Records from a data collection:
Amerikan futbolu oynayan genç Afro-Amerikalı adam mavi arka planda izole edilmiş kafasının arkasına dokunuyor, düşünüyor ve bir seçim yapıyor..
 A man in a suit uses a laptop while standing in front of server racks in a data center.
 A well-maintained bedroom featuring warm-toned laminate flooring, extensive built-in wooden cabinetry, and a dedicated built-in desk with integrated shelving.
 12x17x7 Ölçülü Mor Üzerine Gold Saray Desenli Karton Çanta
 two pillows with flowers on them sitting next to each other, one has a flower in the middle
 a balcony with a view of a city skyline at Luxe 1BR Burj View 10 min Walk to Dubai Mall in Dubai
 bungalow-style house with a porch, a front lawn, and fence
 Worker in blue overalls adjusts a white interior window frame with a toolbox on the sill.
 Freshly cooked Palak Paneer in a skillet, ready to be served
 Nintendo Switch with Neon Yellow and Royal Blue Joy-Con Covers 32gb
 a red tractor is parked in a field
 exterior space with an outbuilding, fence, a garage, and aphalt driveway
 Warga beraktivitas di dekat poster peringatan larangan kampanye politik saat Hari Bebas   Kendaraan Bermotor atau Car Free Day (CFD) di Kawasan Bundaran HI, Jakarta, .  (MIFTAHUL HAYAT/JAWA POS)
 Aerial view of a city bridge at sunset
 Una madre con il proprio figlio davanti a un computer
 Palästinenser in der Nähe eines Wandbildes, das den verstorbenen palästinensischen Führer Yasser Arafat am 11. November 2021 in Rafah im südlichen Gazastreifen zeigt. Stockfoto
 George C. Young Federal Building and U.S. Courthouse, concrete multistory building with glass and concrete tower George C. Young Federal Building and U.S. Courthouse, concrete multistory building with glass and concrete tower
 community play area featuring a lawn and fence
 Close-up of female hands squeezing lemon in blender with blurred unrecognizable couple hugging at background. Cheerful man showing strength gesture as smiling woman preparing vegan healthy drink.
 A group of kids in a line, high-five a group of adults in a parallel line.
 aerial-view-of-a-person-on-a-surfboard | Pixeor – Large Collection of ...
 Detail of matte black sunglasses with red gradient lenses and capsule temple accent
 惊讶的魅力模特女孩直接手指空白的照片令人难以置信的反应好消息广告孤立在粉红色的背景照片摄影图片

WHAT IS NEEDED:
Take the entries above and copy out all lines with the string "fence".

WRITTEN ANSWER:
 bungalow-style house with a porch, a front lawn, and fence
 exterior space with an outbuilding, fence, a garage, and aphalt driveway
 community play area featuring a lawn and fence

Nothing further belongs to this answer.